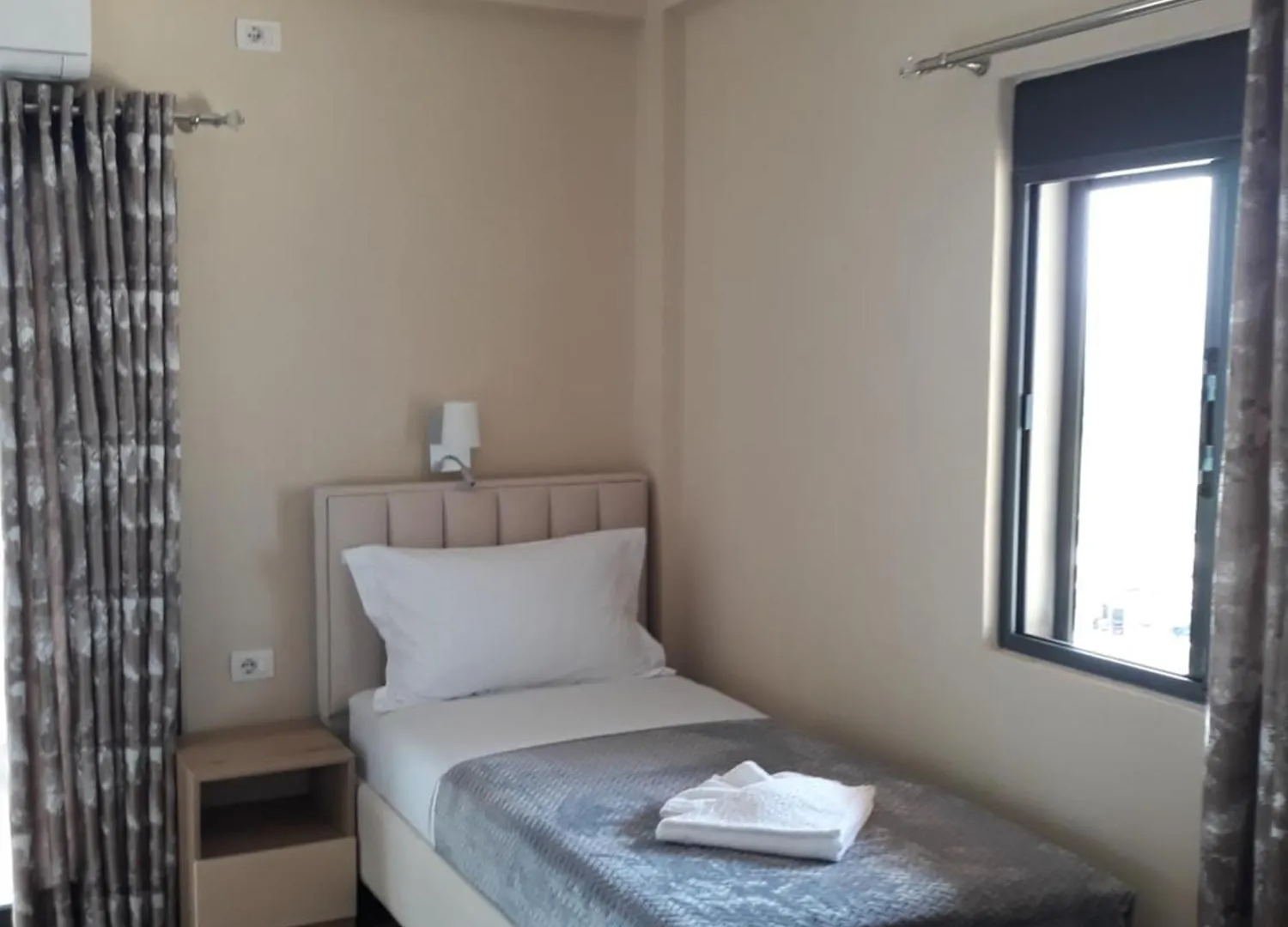 Qiqi Hotel Gjirokastër
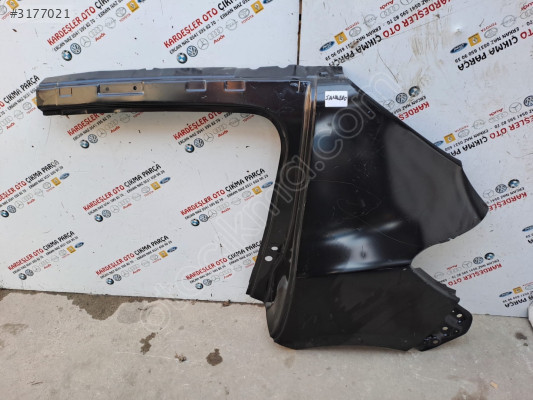 Dacia Sandero sol arka çamurluk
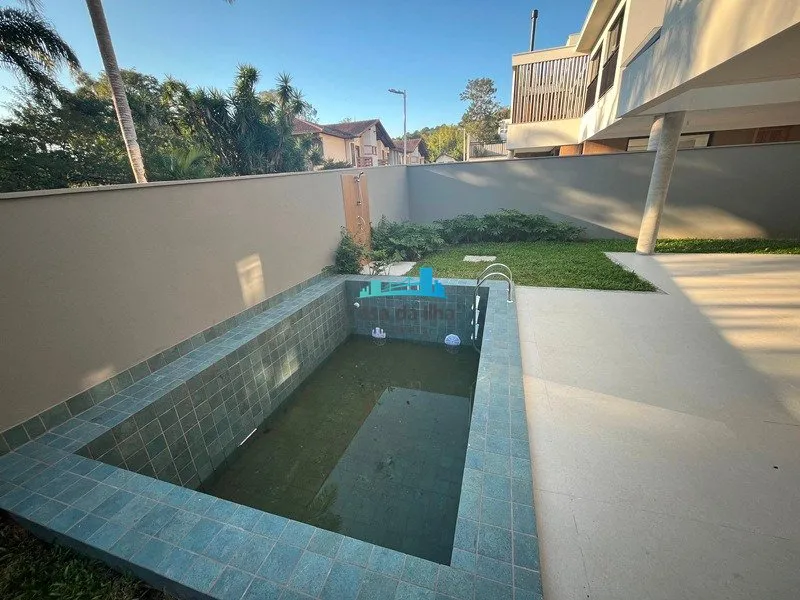4-bedroom house with a garden in Florianópolis — photo 11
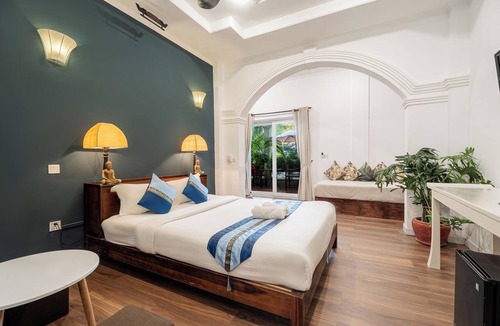 Daun Penh Hotel | Samaya Boutique & Cuisine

■ **WHAT YOU SHOULD DO**:
Print the listing exactly, minus any pictures.

■ **FINAL ANSWER**:
 Qiqi Hotel Gjirokastër
 Dacia Sandero sol arka çamurluk
4-bedroom house with a garden in Florianópolis — photo 11
 Daun Penh Hotel | Samaya Boutique & Cuisine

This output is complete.